The problem
Work out the count of lines in the entries below that include "Football", and write only that count.

(Crawled caption data)
Segment Open

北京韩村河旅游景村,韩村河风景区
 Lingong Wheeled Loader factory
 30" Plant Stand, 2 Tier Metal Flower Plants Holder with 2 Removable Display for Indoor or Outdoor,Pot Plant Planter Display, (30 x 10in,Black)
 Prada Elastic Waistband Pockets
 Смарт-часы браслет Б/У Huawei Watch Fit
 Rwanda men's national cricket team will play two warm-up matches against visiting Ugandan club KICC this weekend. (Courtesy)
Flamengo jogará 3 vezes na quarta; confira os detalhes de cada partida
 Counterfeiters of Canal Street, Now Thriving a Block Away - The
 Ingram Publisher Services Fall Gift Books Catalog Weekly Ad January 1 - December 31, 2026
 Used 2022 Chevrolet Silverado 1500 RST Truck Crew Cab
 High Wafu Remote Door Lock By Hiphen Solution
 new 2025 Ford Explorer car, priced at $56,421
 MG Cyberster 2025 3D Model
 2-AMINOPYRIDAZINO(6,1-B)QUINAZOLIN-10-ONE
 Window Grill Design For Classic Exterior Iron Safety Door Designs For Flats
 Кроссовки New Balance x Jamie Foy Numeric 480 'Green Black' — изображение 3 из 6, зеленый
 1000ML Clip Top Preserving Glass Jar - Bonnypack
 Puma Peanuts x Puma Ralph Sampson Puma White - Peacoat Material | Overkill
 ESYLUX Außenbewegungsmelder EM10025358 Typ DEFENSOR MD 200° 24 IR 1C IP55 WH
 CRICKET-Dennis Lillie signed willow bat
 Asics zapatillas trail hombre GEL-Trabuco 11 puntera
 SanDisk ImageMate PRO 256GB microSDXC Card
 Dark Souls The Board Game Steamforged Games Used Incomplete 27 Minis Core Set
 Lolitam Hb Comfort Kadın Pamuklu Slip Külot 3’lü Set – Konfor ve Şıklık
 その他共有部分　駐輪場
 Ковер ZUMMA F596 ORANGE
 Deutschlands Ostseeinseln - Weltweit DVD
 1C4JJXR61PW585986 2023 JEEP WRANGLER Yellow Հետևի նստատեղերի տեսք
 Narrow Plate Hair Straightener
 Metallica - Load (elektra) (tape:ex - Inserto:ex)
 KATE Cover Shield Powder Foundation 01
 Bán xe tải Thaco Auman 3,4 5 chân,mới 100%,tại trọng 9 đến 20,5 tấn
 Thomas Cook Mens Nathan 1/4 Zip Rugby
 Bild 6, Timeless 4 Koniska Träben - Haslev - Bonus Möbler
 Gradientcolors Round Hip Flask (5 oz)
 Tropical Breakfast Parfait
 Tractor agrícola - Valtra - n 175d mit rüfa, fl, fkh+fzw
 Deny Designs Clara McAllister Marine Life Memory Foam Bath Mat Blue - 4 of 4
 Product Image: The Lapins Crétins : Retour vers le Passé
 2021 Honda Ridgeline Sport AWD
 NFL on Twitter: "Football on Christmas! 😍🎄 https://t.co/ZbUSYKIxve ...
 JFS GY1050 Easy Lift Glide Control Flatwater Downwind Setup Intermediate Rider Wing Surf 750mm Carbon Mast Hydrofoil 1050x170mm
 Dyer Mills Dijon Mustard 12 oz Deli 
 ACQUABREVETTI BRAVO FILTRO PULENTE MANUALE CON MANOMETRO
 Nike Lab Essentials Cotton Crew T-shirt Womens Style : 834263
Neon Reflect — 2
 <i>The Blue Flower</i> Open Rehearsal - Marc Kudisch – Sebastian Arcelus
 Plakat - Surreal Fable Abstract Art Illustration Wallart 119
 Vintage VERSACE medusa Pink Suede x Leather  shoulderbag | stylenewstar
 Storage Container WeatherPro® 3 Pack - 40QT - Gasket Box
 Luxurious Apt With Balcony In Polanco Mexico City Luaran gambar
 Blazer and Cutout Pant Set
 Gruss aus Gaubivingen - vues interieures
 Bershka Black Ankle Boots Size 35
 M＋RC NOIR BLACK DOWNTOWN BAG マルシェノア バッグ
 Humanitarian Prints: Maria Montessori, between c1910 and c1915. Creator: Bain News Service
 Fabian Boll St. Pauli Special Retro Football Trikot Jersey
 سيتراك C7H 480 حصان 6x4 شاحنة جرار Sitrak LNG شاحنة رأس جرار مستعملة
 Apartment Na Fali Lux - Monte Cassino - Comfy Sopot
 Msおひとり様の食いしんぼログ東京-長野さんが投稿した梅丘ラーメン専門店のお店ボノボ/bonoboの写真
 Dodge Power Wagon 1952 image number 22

Segment Closed

Expected output
2